House Bill 2281B and the Single Sales Factor: An Expensive, Ineffective, and Unnecessary Effort to Change the Business Climate

Executive Summary

House Bill 2281B would cut corporate income taxes by 10.5 percent ($100 million) in future biennia by modifying the formula that determines how much of a multi-state corporation’s net income can be taxed by Oregon. The bill would replace the state’s current three-part corporate income tax apportionment formula with a “single sales factor.” The bill is being promoted as a valuable economic development tool.

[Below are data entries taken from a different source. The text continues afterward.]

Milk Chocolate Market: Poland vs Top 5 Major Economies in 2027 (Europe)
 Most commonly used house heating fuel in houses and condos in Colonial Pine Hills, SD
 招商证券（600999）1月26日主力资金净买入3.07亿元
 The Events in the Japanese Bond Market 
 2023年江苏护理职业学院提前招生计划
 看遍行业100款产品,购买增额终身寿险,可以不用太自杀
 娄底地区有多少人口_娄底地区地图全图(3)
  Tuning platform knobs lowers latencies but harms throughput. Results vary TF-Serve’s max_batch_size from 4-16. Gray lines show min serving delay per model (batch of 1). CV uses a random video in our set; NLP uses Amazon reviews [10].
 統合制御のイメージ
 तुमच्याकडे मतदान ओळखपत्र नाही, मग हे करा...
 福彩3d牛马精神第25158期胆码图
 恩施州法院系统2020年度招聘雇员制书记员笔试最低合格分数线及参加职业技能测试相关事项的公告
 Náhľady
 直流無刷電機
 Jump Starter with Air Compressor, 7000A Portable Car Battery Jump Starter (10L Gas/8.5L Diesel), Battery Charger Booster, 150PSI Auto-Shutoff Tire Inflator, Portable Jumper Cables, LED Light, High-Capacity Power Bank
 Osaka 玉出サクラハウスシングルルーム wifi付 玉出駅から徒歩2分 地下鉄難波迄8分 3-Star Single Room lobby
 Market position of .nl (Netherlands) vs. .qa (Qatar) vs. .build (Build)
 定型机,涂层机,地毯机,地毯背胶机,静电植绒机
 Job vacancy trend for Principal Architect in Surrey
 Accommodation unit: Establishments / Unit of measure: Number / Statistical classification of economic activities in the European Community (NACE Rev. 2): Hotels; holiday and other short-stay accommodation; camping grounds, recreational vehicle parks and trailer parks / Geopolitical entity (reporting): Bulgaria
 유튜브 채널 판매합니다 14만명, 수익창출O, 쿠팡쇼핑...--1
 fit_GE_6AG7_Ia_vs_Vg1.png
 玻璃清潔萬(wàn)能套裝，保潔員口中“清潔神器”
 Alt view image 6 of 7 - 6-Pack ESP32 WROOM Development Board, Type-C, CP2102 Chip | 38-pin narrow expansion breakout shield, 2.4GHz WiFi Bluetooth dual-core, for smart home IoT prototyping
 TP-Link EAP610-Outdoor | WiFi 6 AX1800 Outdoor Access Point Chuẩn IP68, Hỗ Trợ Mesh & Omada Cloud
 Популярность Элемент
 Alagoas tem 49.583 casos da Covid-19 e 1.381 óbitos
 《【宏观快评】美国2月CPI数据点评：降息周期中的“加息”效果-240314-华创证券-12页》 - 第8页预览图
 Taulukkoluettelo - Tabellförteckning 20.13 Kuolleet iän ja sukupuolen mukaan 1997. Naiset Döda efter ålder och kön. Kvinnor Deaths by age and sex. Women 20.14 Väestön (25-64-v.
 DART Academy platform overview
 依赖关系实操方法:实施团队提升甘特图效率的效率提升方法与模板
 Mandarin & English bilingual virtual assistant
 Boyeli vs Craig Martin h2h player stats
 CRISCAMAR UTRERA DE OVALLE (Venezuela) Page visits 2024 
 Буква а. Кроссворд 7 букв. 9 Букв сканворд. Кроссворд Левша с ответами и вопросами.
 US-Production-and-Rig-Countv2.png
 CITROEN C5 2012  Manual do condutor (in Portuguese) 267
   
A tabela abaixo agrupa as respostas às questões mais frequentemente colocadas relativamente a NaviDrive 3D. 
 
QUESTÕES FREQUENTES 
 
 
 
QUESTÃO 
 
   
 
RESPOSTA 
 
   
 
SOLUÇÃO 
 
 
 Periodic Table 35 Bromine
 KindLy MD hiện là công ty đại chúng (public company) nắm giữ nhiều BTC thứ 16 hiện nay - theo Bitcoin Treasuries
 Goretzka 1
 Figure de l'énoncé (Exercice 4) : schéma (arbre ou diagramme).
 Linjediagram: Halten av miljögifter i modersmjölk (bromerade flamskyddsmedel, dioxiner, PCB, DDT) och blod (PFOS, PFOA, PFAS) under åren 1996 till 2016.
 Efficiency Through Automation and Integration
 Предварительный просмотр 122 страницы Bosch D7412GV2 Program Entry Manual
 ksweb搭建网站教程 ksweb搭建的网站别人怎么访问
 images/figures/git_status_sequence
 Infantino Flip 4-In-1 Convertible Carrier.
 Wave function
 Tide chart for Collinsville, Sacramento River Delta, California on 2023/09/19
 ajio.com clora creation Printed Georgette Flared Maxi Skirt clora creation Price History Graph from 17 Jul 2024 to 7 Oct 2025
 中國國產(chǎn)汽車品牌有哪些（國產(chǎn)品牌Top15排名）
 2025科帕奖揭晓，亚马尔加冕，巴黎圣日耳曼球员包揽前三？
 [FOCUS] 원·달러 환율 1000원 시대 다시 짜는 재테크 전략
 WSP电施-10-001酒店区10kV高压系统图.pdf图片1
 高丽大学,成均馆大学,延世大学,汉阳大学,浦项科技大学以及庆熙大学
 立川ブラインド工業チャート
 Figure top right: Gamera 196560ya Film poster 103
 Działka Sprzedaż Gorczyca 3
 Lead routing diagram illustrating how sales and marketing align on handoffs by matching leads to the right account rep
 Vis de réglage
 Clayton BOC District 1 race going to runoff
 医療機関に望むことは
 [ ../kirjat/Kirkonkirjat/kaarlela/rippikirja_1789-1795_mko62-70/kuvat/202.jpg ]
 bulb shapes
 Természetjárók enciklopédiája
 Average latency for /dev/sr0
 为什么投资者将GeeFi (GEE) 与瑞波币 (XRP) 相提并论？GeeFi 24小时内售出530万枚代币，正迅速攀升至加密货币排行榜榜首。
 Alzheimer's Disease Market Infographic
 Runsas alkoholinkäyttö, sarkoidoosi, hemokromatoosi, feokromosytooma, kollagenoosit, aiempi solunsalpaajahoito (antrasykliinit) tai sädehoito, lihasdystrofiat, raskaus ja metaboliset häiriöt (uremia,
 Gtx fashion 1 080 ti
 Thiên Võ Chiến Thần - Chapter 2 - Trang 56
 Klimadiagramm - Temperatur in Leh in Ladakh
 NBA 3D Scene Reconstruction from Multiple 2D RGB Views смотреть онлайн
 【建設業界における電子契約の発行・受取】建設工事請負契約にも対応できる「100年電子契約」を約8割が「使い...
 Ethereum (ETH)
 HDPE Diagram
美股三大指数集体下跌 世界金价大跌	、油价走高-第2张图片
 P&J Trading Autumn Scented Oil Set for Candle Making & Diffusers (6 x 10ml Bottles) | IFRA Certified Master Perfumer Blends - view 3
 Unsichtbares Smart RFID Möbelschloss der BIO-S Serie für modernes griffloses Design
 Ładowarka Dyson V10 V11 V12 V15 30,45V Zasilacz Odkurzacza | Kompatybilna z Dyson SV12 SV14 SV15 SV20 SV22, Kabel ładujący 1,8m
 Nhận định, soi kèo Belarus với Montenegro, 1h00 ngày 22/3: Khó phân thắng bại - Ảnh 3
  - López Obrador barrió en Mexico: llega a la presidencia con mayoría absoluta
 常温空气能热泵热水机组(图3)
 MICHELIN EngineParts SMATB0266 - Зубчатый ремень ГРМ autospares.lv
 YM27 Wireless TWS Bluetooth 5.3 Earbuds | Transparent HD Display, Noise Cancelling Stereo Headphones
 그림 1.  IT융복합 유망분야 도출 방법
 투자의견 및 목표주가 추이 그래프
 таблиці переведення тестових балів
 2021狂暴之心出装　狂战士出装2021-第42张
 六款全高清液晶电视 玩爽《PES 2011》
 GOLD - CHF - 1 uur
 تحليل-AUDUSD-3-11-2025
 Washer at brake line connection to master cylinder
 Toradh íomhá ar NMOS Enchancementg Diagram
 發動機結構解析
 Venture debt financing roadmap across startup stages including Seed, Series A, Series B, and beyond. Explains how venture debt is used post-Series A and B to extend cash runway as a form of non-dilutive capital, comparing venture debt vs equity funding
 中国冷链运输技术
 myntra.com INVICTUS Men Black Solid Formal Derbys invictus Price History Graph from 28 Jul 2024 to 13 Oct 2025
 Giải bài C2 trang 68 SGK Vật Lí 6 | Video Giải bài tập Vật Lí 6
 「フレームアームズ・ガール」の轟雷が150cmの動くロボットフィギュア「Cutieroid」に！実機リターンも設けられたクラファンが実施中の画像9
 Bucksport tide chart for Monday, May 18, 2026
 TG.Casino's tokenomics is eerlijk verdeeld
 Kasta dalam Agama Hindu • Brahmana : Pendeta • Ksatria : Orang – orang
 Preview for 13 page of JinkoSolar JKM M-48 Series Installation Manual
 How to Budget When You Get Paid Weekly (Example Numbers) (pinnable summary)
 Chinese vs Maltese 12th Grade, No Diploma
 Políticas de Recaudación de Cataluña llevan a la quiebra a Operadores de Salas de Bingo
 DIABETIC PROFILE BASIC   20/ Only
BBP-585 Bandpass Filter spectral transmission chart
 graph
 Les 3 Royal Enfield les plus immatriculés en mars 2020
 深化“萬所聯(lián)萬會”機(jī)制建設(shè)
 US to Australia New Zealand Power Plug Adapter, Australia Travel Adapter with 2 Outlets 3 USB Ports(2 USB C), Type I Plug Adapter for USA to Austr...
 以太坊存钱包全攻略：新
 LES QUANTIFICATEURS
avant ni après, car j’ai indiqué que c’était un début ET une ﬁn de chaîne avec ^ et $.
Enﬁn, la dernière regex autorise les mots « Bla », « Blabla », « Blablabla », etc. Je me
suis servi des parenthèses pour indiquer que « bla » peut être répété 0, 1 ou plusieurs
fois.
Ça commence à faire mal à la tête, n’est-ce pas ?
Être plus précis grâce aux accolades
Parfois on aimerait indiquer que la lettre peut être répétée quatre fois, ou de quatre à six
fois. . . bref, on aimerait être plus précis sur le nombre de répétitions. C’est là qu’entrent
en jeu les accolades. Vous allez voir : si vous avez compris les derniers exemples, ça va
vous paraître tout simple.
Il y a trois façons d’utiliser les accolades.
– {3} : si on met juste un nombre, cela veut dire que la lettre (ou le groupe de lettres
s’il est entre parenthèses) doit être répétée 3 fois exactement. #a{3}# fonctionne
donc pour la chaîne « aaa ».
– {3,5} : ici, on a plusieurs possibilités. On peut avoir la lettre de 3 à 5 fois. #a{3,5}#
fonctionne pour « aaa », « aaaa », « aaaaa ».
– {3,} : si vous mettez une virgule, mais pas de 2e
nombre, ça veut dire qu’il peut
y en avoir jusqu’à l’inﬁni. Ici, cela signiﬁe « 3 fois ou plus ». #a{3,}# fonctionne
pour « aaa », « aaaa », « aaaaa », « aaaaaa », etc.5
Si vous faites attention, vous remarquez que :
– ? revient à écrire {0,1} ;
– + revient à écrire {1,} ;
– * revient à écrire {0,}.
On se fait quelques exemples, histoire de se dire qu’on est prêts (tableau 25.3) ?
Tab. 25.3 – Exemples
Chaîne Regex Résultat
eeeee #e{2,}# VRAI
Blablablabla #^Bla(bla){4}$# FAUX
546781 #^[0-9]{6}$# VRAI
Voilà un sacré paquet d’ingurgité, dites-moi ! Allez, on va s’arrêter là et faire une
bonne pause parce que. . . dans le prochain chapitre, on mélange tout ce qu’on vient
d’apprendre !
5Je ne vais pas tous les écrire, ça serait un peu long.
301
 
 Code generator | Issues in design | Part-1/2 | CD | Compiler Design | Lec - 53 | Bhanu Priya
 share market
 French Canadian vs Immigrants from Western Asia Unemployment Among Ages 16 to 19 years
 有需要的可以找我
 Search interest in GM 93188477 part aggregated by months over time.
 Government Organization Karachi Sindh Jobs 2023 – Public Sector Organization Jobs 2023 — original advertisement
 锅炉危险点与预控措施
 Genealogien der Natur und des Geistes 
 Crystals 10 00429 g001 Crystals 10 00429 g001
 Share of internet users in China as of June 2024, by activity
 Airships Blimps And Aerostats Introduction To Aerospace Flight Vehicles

A review of the evidence suggests there is little reason to expect significant economic growth from a single sales factor. The proposal also primarily benefits a few large multi-state corporations. Specifically:

  • The Legislative Revenue Office estimates that HB 2281B will generate fewer than 100 jobs in a state with 1.7 million employed, at a cost of $500,000 per job;
  • The $101.3 million revenue loss will harm valuable public services that make an important contribution to economic growth, such as education and public safety;
  • By design, HB 2281B fails to guarantee any new investment, while also rewarding firms for investment that would have been made anyway and rewarding companies making layoffs;
  • Oregon’s economy has performed better than those states with single sales factor formulas, and;
  • HB 2281B will raise taxes on 5,700 companies doing business in the state, will provide little or no tax relief to most Oregon companies, and directs 64 percent of its tax relief to 17 of the state’s largest companies.

Business-supported and academic research concludes that business taxes have little or no impact on economic growth. Taxes matter little because they constitute such a small part of businesses’ costs. Furthermore, the public services that will be reduced make an important contribution to economic development. House Bill 2281B will further limit Oregon’s ability to meet the state’s needs in education, health care, and other public services.